Technology

Civil rights groups call for Facebook ad boycott

A group of civil rights organizations launched a new campaign Wednesday calling for companies to refrain from advertising on Facebook in July.

The Anti-Defamation League, NAACP, Sleeping Giants, Color Of Change, Free Press and Common Sense are calling for the pause to protest what they say is a failure by the Silicon Valley giant to make its platform less hostile.

An ad that ran in the Los Angeles Times announcing the campaign calls on corporate advertisers to “send Facebook a powerful message: Your profits will never be worth promoting hate, bigotry, racism, antisemitism and violence.”

“Facebook remains unwilling to take significant steps to remove political propaganda from its platform,” Derrick Johnson, president and CEO of the NAACP, said in a statement.

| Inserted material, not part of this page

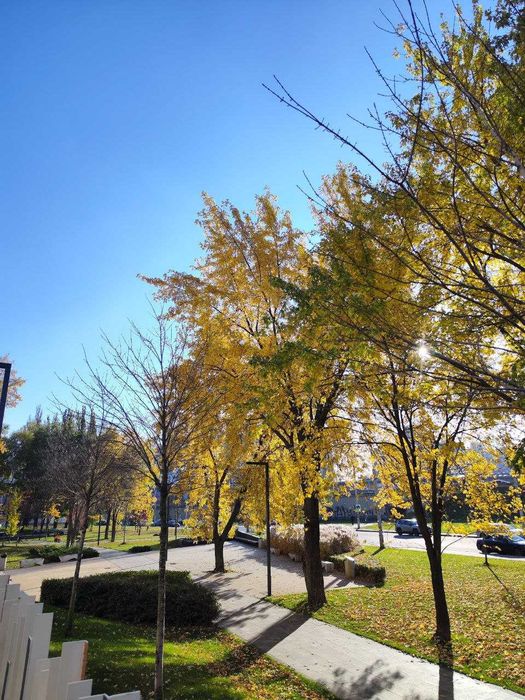 Продаж квартири ЖК Метрополіс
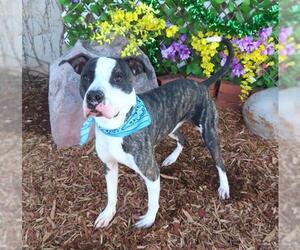 American Pit Bull Terrier-Unknown Mix Dogs for adoption in Oklahoma City, OK, USA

“It is clear that Facebook and its CEO, Mark Zuckerberg, are no longer simply negligent, but in fact, complacent in the spread of misinformation, despite the irreversible damage to our democracy,” he added.

The campaign comes amid rising scrutiny on Facebook’s hands-off approach to political speech.

CEO Mark Zuckerberg has been under internal and external pressure to take action against President Trump‘s posts in particular, especially ones seen as glorifying violence. Twitter and other social media platforms have decided to flag those posts.

Several advertisers in recent weeks have already pulled back on Facebook advertising, which generates roughly 98 percent of the company’s revenue.

The Hill has reached out to spokespeople for the platform for comment on the campaign.